Pukul 11 malam lampu di teras dimatikan dan generator tidak terdengar lagi. Para pejuang kembali ke ruang duduk. Mereka menggelar tikar tidur dan menyelubungi diri dengan selimut dari bahan sintetik yang berwarna-warni, yang mereka temukan di rumah itu. Beberapa dari mereka sudah tidur, topi menutupi wajah mereka. Seorang dari mereka membalikkan badan, yang lainnya mendengkur dengan halus. Di sebelah mereka tergeletak harta yang mereka miliki, dibungkus dalam tas-tas kecil, sebuah t-shirt, sebuah sikat gigi, sebuah foto.

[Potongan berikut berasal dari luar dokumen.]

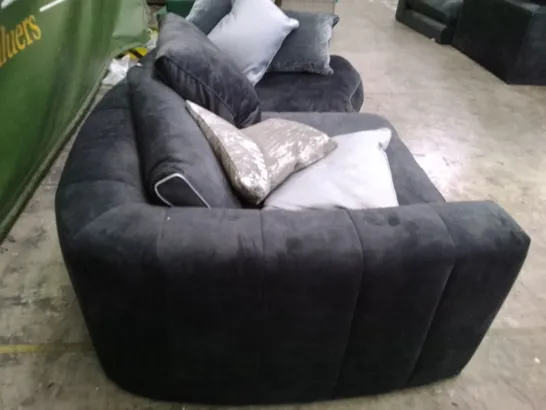 QUALITY DESIGNER SOFOLOGY SOFA SECTIONS - BLACK FABRIC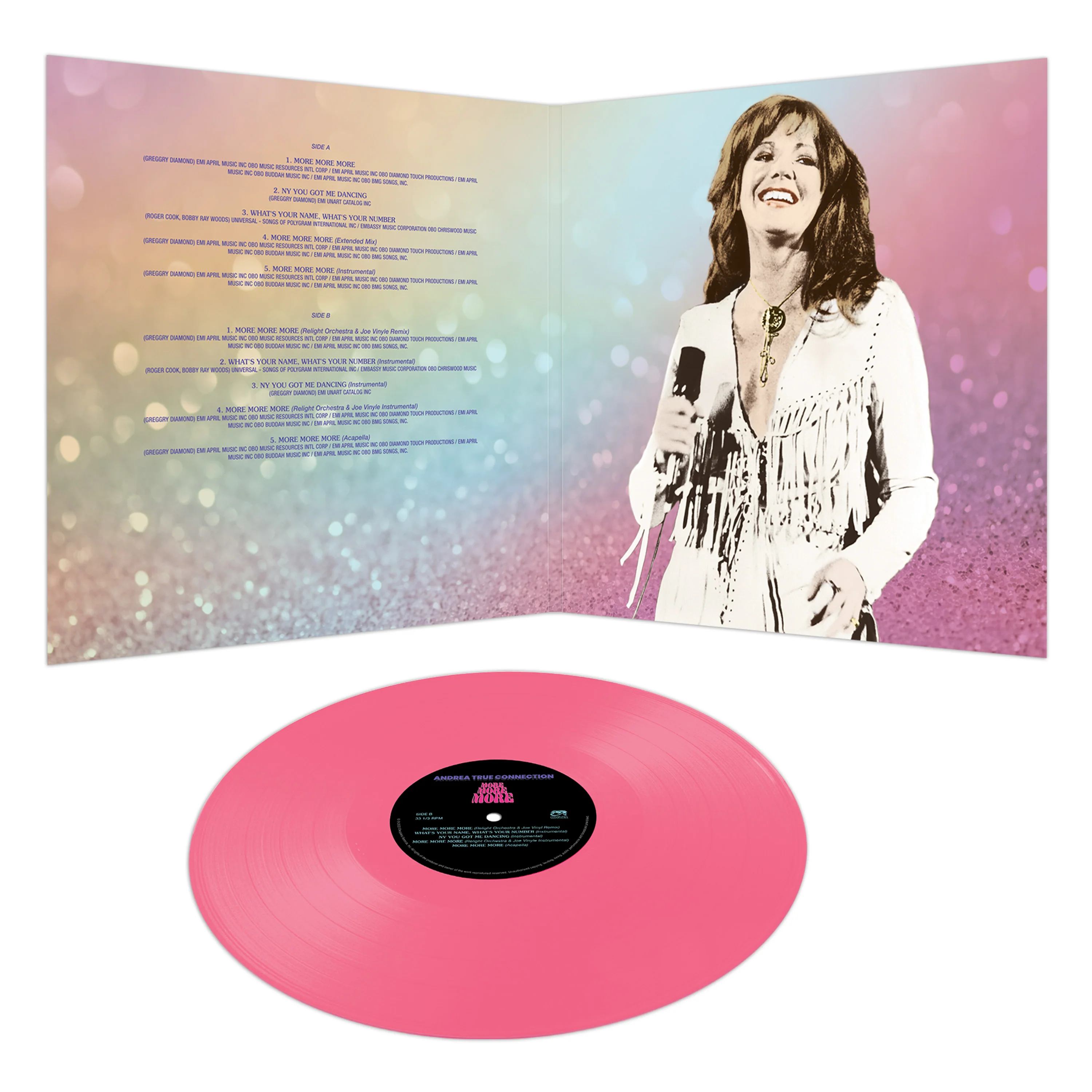 Andrea True Connection - More More More (Pink Vinyl) - Image 3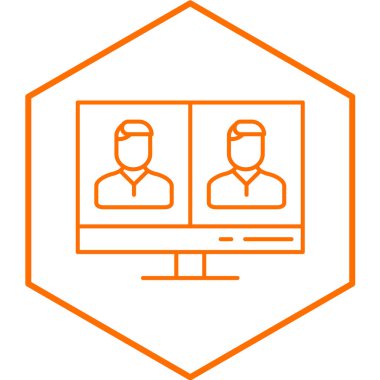 İş insanları simgesinin vektör illüstrasyonu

Miftah Arkami menunjukkan kamar mandi. Bak mandi yang dilengkapi musik dan alat pemijit menunjukkan kemewahan yang dinikmati bekas pemilik rumah itu. Di atas rak masih tergeletak jepit rambut milik anak perempuan pemilik rumah. Keluarga itu, seperti pendukung Gaddafi lainnya, melarikan diri setelah perang pecah. Miftah Arkami membaringkan diri untuk tidur. Malam tidak berlangsung lama. Pagi dini hari, pemberontak sudah melancarkan serangan baru atas Sirte. Seperti sebelumnya, dalam pertempuran itu Miftah Arkami juga akan berada bersama mereka, untuk membesarkan semangat para pejuang. Itulah sumbangannya bagi revolusi, katanya.